## Task description:
Print all of the records. Exclude the images.
-*-
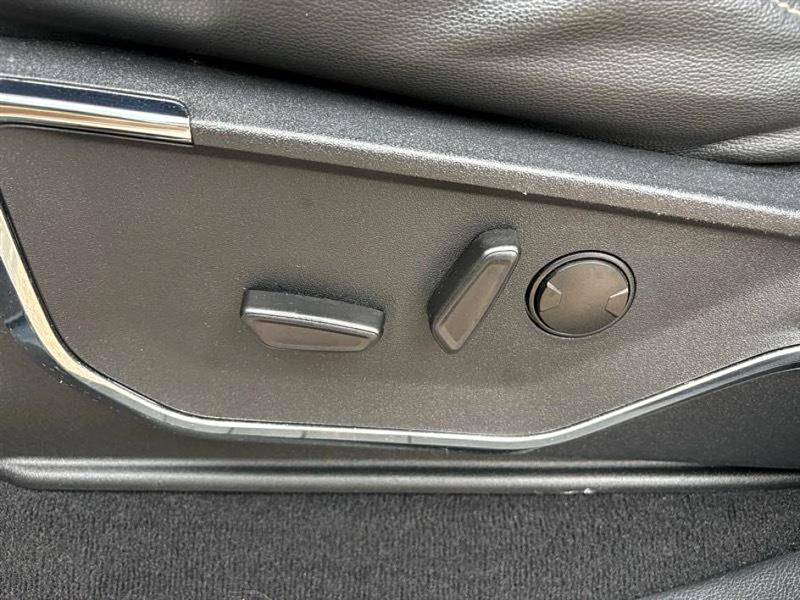 Ford Super Duty F-350 DRW  2023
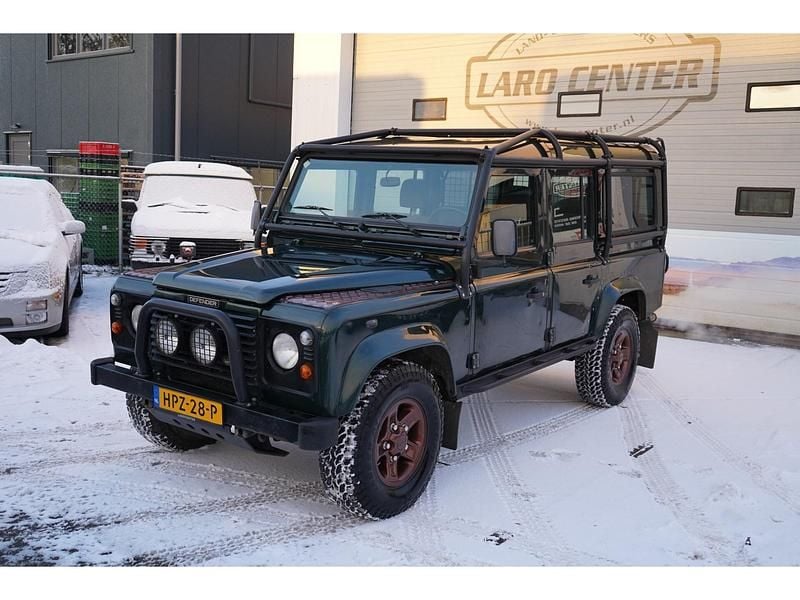 Groen Occasion 2004 Land Rover Defender SUV | € 26.950 (Eerlijke prijs) - Afbeelding 1/4
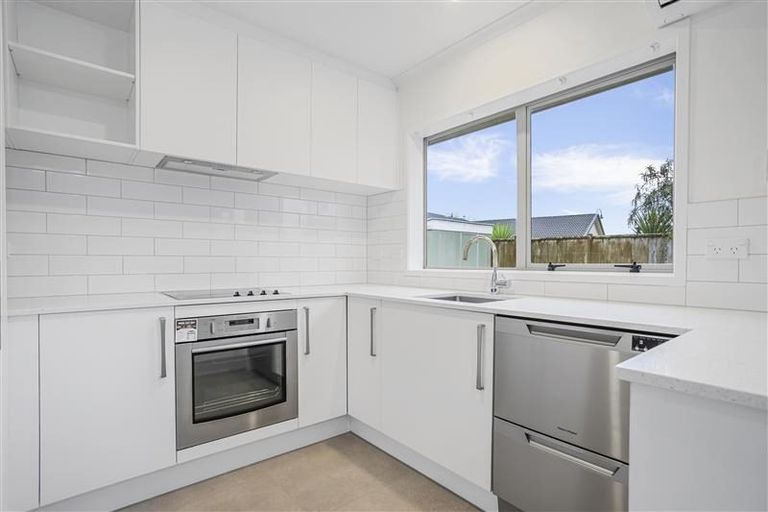 Photo of property in 14 Russett Grove, Henderson, Auckland, 0612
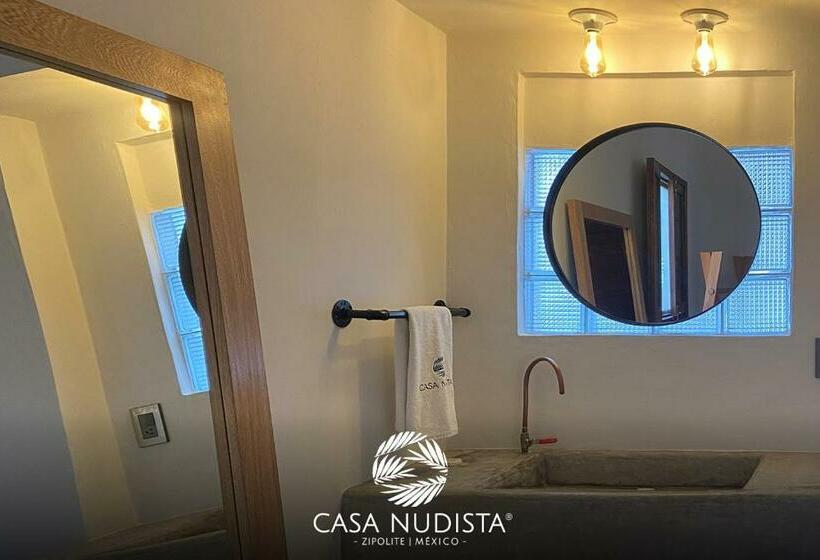 بانگلوی استاندارد, Casa Nudista   Lgbt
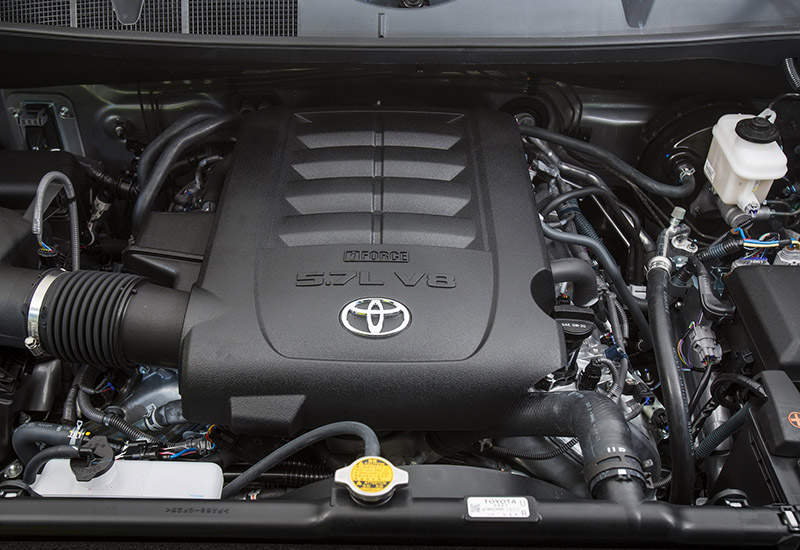 Toyota 5,7 litri V8 (3UR-FE)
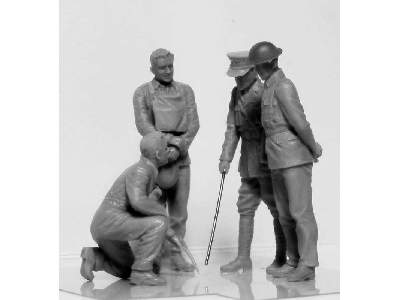 WWI British Tank Crew - 4 figures - image 3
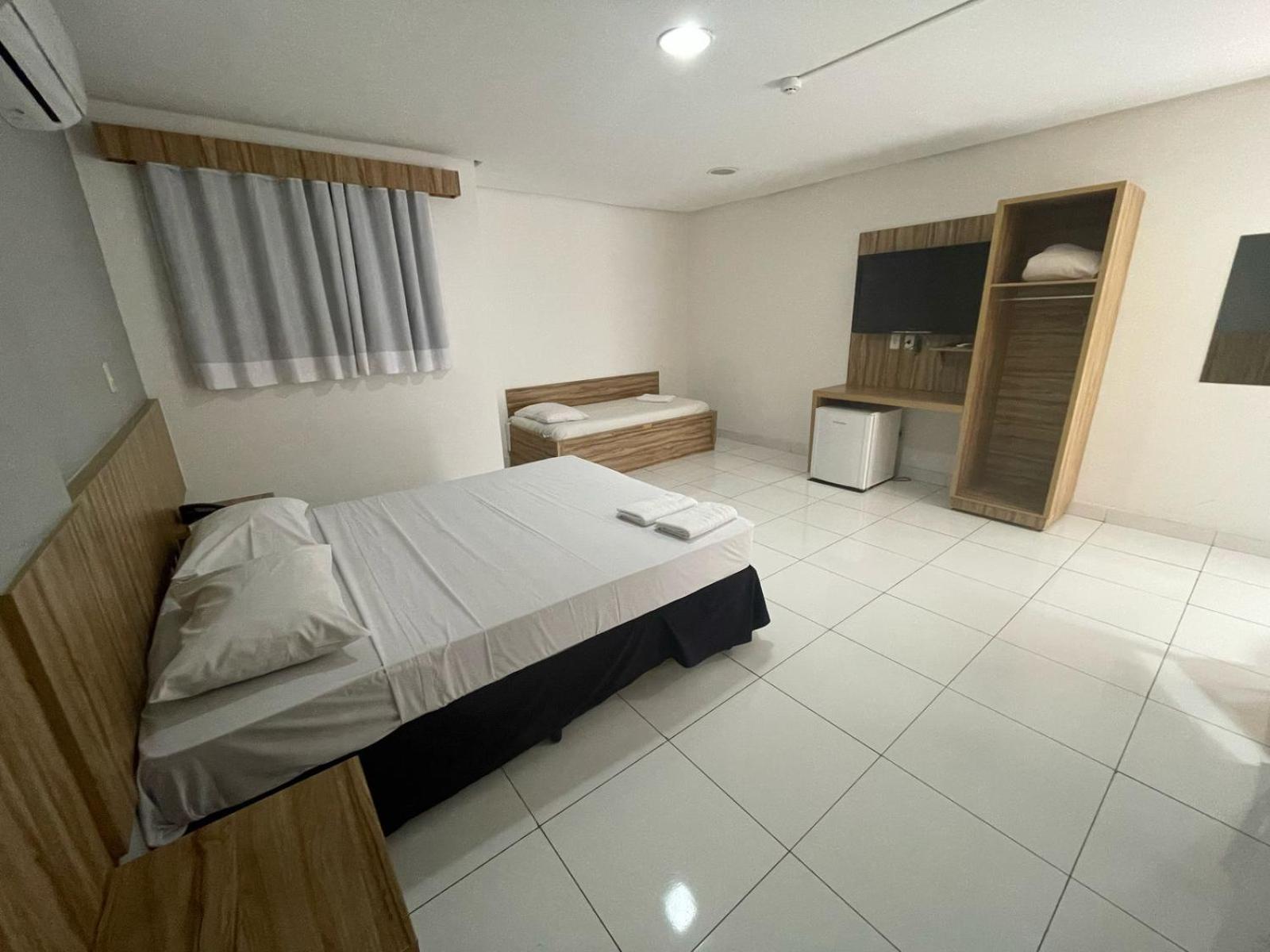Cr Hotel Bueno - Antigo Hotel Serras De Goyaz Goiânia Exteriör bild A room at the hotel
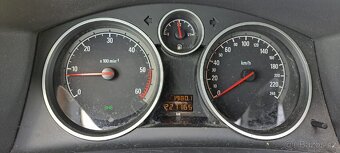 Opel Zafira 1.9 TDCI 88kw 7míst - 18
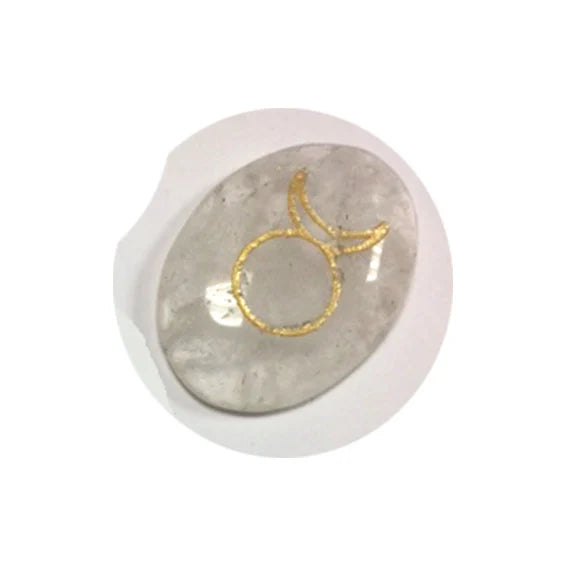 Lot de 6 pierres Wicca en cristal de roche – gravées de symboles dorés. 3,3 × 2,3 cm - 120 gr.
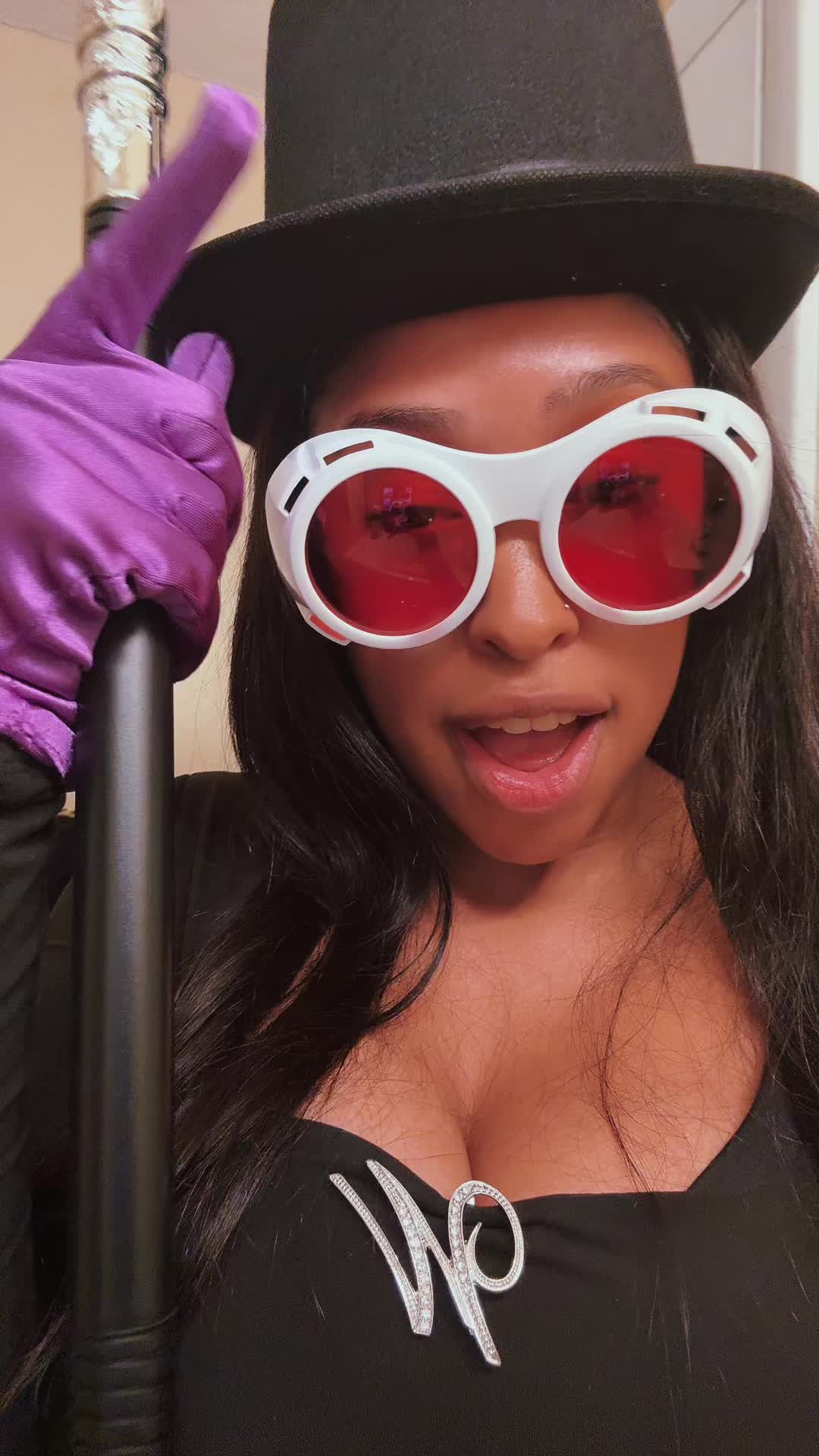 @kaylababi_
-*-
## Exercise solution:
 Ford Super Duty F-350 DRW  2023
 Groen Occasion 2004 Land Rover Defender SUV | € 26.950 (Eerlijke prijs) - Afbeelding 1/4
 Photo of property in 14 Russett Grove, Henderson, Auckland, 0612
 بانگلوی استاندارد, Casa Nudista   Lgbt
 Toyota 5,7 litri V8 (3UR-FE)
 WWI British Tank Crew - 4 figures - image 3
Cr Hotel Bueno - Antigo Hotel Serras De Goyaz Goiânia Exteriör bild A room at the hotel
 Opel Zafira 1.9 TDCI 88kw 7míst - 18
 Lot de 6 pierres Wicca en cristal de roche – gravées de symboles dorés. 3,3 × 2,3 cm - 120 gr.
 @kaylababi_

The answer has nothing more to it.